How to Scrape Chipotle Store Locations
Introduction
Web scraping has loads of interesting use cases. From financial forecasting to lead-gen, web scraping has several creative uses that you might not think about at first glance. For example, a burrito shop opening a new location might want to place their location further away from a Chipotle. What if you had a map of every Chipotle in the US? Would this help your burrito chain to analyze the market better? You bet.
This quick tutorial will show you how to inspect almost any store location app, find an API back-end, retrieve data from it and save it to a well-formatted CSV.
Prerequisites
You'll need:
-
The requests library for python
-
Postman for Modifying HTTP Requests
Step 1 - Inspecting the Store Map App
Open a web-browser and go to any store locator app.
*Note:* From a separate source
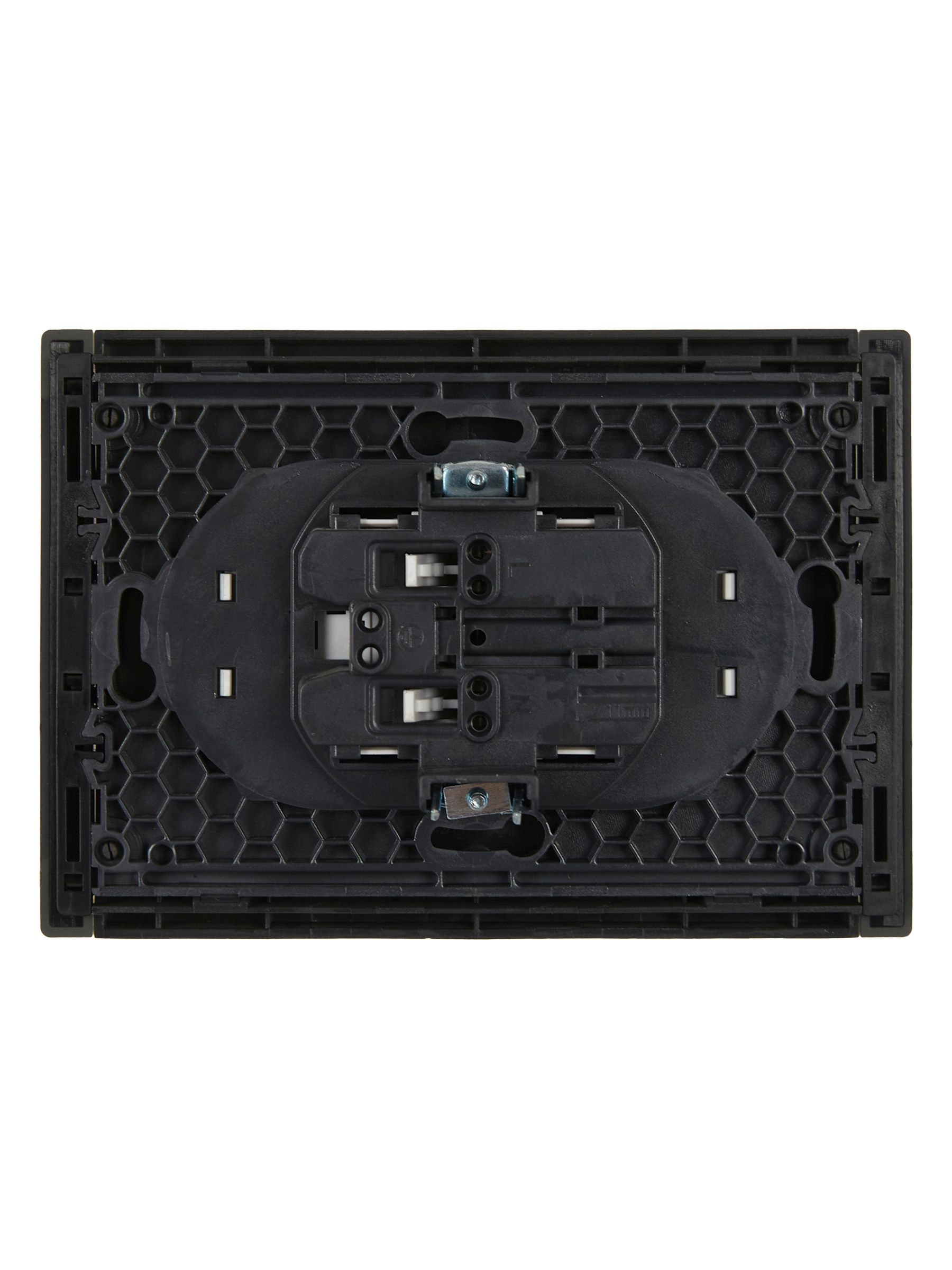 FORTE&PIANO Розетка 2 орынды, жерге тұйықталмаған, қорғаныс пердешелерімен бұрандасыз бекіту 10А FP325 сұр IEK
You can google
We'll use Chipotle's store locator
Open up Chrome's Network tool in DevTools:
Right Click in the page > Inspect > Network
DevTools allows us to inspect the network requests that our browser makes to Chipotle's web servers.
Now, we'll tinker a bit with the page and see if we can't find the HTTP call that returns store locations. We'll use the page as normal and input a location and load it in the browser.
Under the name column, you'll see the assets being requested from the server.
To make our search a bit easier, we can click the XHR option and filter the requests down further. XHR is short for XMLHttpRequest, an API available to browser languages like Javascript to send and receive HTTP/S requests. Ajax ( or Asynchronous Javascript and XML) requests are sometimes called an XHR request but these days we commonly see JSON, plaintext or HTML received back.
Once you've filtered down the results, you can click through the results and view the response. In this case, we'll see a JSON response that looks very promising. We'll grab the response by clicking in the response box, using commad/control+a to select it all and command/control+c to save it to our clipboard.
We'll paste the response into VS code and using the command Pallete, we can Command+Shift+P and Type Json Pretty Print
to format our data to be easier to read.
Looking through the JSON response, we see a key data
that contains store location data. Some of the data included is latitude, longitude, realEstateCategory, and the public phone number!
Step 2 - Getting ALL of the Data
Now that we have the correct request, we'll head back to Chrome DevTools to further tinker with the request. We have SOME Chipotle locations, but we'd like to have ALL of the Chipotle locations to do proper Burrito-Chain market analysis.
On the same request we grabbed our JSON data from, we'll right-click it > Copy > Copy as cURL.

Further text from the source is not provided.